When one thinks of famous Hollywood collaborations, the first thing to come to mind is a famous actor/actress team like William Powell and Myrna Loy or a director/actor pair like John Ford and John Wayne. A director/writer isn't something that springs to mind but if it does, then it is probably the directing and writing team of Frank Capra and Robert Riskin.
When you interview Capra, all he will talk about is Riskin, and when you interview Riskin, all he wants to talk about is Capra.
- 1936 feature by Dudly Early (McBride, 298)
The films of Frank Capra are instantly recognizable with their common themes of the common man from a small town with high ideals who meets and overcomes corruption out in the big world, whether it's politicians, business tycoons, or mean old men who own the town. It's a Wonderful Life, Meet John Doe, Mr. Smith Goes to Washington, Mr. Deeds Goes to Town: all of these share these themes (as well as a mostly familiar cast with either Jimmy Stewart or Gary Cooper at the helm). While these films have been called "Capra-corn" by some, they did and still do inspire the people of the world to fight evil and hope for a better future for mankind.

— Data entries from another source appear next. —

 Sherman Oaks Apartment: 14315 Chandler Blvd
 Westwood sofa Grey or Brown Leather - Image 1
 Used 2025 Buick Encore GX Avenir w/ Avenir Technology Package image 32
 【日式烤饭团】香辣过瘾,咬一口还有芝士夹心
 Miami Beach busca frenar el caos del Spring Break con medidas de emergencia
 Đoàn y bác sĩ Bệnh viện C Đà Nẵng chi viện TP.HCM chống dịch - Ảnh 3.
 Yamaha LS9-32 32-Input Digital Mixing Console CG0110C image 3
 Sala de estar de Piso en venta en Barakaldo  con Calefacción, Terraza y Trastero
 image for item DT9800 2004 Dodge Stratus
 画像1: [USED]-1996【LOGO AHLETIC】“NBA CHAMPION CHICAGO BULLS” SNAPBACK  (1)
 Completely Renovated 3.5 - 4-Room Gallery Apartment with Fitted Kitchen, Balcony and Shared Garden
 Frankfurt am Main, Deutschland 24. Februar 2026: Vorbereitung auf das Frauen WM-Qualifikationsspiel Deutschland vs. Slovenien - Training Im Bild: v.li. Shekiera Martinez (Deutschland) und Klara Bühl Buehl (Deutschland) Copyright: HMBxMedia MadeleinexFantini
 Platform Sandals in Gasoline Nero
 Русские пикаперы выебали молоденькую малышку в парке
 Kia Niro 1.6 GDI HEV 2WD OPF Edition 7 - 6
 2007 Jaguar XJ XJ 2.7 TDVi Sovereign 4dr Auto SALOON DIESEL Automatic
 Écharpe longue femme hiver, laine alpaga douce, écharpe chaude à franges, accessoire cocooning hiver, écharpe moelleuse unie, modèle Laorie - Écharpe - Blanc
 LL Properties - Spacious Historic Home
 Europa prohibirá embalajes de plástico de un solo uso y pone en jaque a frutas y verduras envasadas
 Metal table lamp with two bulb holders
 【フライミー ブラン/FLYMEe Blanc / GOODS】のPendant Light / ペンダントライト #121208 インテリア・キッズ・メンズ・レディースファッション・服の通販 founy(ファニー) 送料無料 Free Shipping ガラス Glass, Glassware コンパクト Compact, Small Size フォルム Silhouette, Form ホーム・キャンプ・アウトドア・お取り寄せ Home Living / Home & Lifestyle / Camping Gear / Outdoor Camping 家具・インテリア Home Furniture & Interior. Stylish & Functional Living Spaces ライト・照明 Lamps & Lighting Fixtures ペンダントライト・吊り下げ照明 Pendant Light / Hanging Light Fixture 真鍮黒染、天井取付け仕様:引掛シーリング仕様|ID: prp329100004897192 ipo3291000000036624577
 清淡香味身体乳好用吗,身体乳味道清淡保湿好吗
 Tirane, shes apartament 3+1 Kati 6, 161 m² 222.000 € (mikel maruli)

They instill hope and patriotism and truly embody the spirit upon which America was founded.
But where did the words that inspire these feelings come from? Well, mostly from Robert Riskin.
If serendipity smiles, a writer may team up with a man who makes his own films. If the team-up is symbiotic and successful, the experience can be very rewarding: artistically, economically, and as lagniappe for the ego. Such was my long team-up with Robert Riskin (Capra, 147-148).While Capra is all praise for Riskin, it appears there was an Edith Head situation: Capra would take credit for some of the writing and play down Riskin's part in the same way that Head would accept the Oscar for Best Costume in Sabrina (1954) and not mention Givenchy, who had provided the majority of the wardrobe.
We worked together on scripts (Capra, 148).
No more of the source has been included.